For now, the 31-year-old Crowne Plaza Five Seasons Hotel is no jewel, a Chicago hotel appraisal consultant says in its report for the city of Cedar Rapids.
The report, by HVS Consulting and Valuation Services, Chicago, defines the hotel's 275 guest rooms as in “fair to good” condition and it states that the hotel is confronted by some functional obsolescence and “significant” deferred maintenance.
Overall, the hotel offers a “reasonably functional layout” and its size and location are “strengths,” the HVS report states. However, “significant weaknesses” include a poorly designed entrance, inconsistencies in quality, a dated exterior and no on-site parking and no grand ballroom inside the hotel.
The report says the hotel's concrete and glass exterior is only in “fair condition,” and it notes that “significant leaking” has occurred on certain floors due to inadequate window sealing.
The guest rooms need new TVs, better furniture and new bathtubs, the report says.
HVS envisions a downgrading of the hotel to a “mid-scale, limited-service” brand unless there is significant reinvestment and new deals on parking and meeting space with the city.
The HVS report was commissioned by the city as a prelude to its announcement this month that it was bidding to buy the hotel from its creditors, who purchased it in December 2009 in a sheriff's sale after foreclosing on the previous owner. The seller has its own report with its own story of the hotel, Patrick DePalma, chairman of the city's Five Seasons Facilities Commission, noted on Monday.

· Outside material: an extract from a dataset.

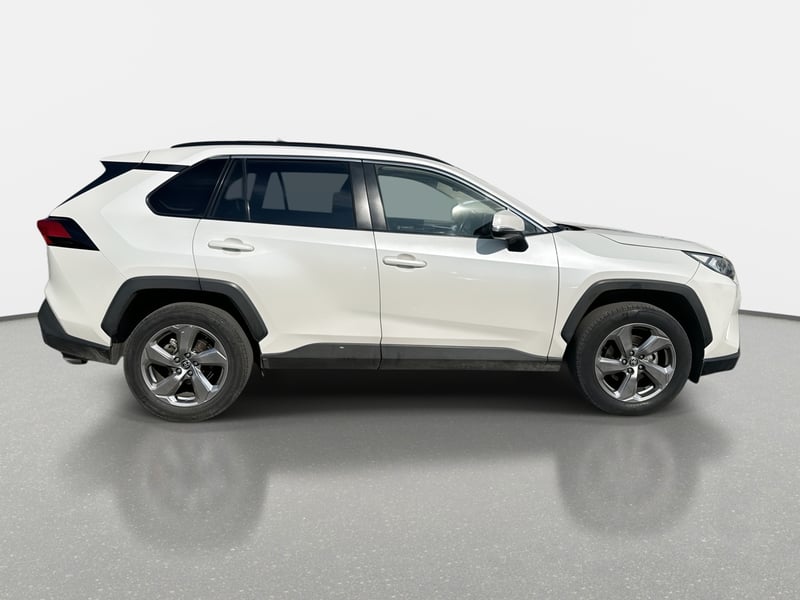Toyota Rav 4 2.0 Xle 4x2 Cvt At 5p 2020 - Imagen 8 de 8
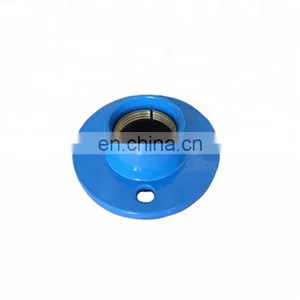 ISO2531 Ductile Cast Iron di Superange Quick Adaptor for PE Pipes thumbnail-5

In the city-commissioned report, HVS concludes that the “as is” market value of the hotel is $2.2 million, or $8,000 per guest room.
The hotel's previous owner, Kronos Hotels and Resorts, bought the hotel for $5.8 million in June 2007, according to the HVS report. CWCapital LLC now owns it and has had the hotel, which is open and being managed by a hotel-management firm, on the sale block.
HVS says the nationwide economic downtown in recent years, a challenge which was not helped by local criticism of Kronos' management of the hotel, hurt the hotel's performance in the years following Kronos' purchase of the hotel.
The report states that the hotel's occupancy rate in 2007 was 65.7 percent, a rate which dropped to 48.1 percent in 2008 and 39.6 percent in 2009. Under new management, the hotel now is expected to see an occupancy rate of 45.7 percent in 2010, with the rate increasing to 51.2 percent in 2013 and 54.1 percent by 2015. By late 2012, the city's $67-million Event Center project, which will add a new convention center and upgrade the U.S. Cellular Center arena next to the hotel, will be complete, the report notes.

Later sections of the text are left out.